Tulisan ini akan menelisik konflik mega proyek pembangunan bandara New Yogyakarta International Airport (NYIA) di Kabupaten Kulon Progo, yang dari hari ke hari semakin eksalatif. Resistensi politik rakyat, khususnya rakyat yang tergabung dalam wahana Tri Tunggal (WTT) Paguyuban Petani Lahan Pantai (PPLP), tak bias dihindarkan lagi. Tanpa takaran dialog memadai, kerasnya kebijakan yang bersikukuh merealisasikan proyek, semakin menyulut resistensi politik rakyat. Resistensi rakyat pun bermanifestasi menjadi konflik terbuka hingga berujung kekerasan. Malang tak dapat ditolak, konflik kekerasan pun menjadi penanda proses demokratisasi, dimana rakyat mengambil posisi tawar yang tegas terhadap dominasi para elit penguasa dan pengusaha berikut aktor-aktornya di tingkat basis.

Tulisan ini berupaya memetakan konflik yang telah berlangsung sekitar lima tahun belakangan, upaya pemerintah yang setengah hati dalam penyelesaian konflik dan justru semakin membuat isu ini semakin ekskalatif. Dengan mengacu pada pemetaan konflik Paul Wehr[2], bagian pertama tulisan akan mengilustrasikan konteks situasi yang melatarbelakangi konflik. Berbagai pihak yang terlibat (baik yang langsung dan tidak langsung, serta yang terkait upaya perdamaian) dan isu-isu atau persoalan utama sebagai obyek konflik pun turut terpapar di bagian ini. Pada bagian kedua, secara historis tulisan akan mengetengahkan eskalasi konflik itu sampai situasi terkini. Pada bagian ketiga, tulisan akan memapar berbagai peluang bagi resolusi konflik. Pada bagian keempat, tulisan akan mengakhiri uraian dengen memberikan beberapa catatan kritis, tanpa mengabaikan pembacaan atas peristiwa termutakhir seputar peta politik paska terpilihnya bupati baru di Kabupaten Kulon Progo. selain ditempuh melalui kajian pustaka dan penelusuran pemberitan dari sejumlah media massa, tulisan juga dilengkapi dengan hasil wawancara penulis dengan sejumlah narasumber yang terkait dalam konflik pembangunan Bandara di Kulon Progo.

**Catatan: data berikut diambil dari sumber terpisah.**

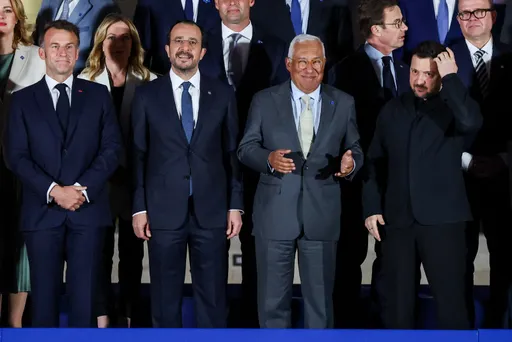 Udhëheqësit e BE-së bëjnë thirrje për hapjen e shpejtë të negociatave të anëtarësimit të Ukrainës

Prahara yang Berkepanjangan

Awal mula ada rencana pembangunan bandara di Kulon Progo sebenarnya sudah ada isunya ketika pemerintahan bupati periode sebelumnya yaitu pada saat Pak Hasto menjabat sebagai Bupati Kulon Progo. Pada penghujung 2011 mulai muncul isu akan dibangunya bandara baru di Kulon Progo. Pada tahun 2012 isu pembangunan bandara di Kulon Progo semakin santer terdemgar, dan mulai menimbulkan pertentangan di masyarakat (pro dan kontra).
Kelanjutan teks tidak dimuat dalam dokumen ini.